How is the old way worse? In the old system, you applied for the job/program, along with all others interested in the program. The programs selected applicants they thought would most likely be a good fit with their programs, invited them to come out for a visit and a deal was struck or not. If it was, there was a week or so window to make up your mind, sign the contract/negotiate amendments and life is good for all concerned.

Programs, especially programs of lesser repute hated this system. It put the applicants squarely in the driver's seat. One program director once told me he hated the old system because he would make an offer to an applicant and then have to wait while that applicant waited on an offer from Mass General. He much more liked the "new" system where he had full control of everything.

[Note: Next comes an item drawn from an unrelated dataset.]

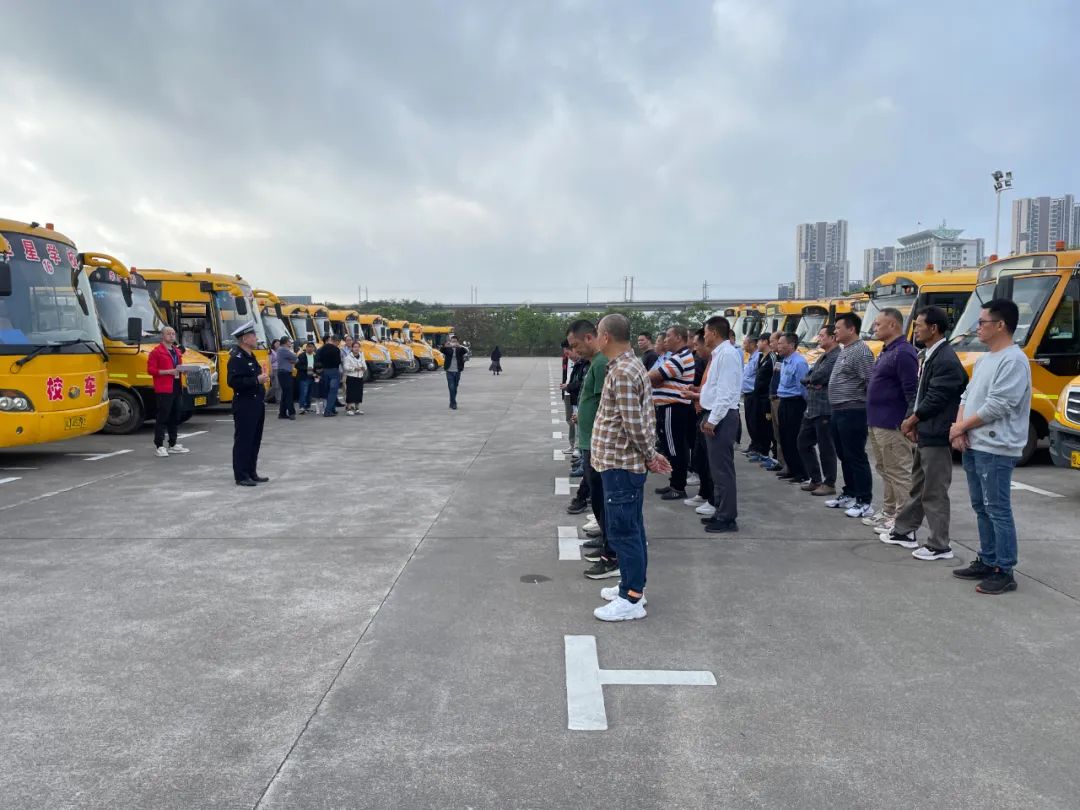 護航“神獸歸籠”,交警給全市校車來了一次“大體檢” 圖片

It also gave him carte blanche to do nothing to improve his program, knowing that he would match people because of geography and by making his list long enough and gave him the ability to say anything and everything to induce applicants to rank him highly, while retaining the ability to renege on his side of the deal.

Are all programs like this? No, but we make rules to cover those that live on the margins and those rules are no good unless than can be enforced and they cannot be enforced if we live in fear of our livelihoods for speaking out.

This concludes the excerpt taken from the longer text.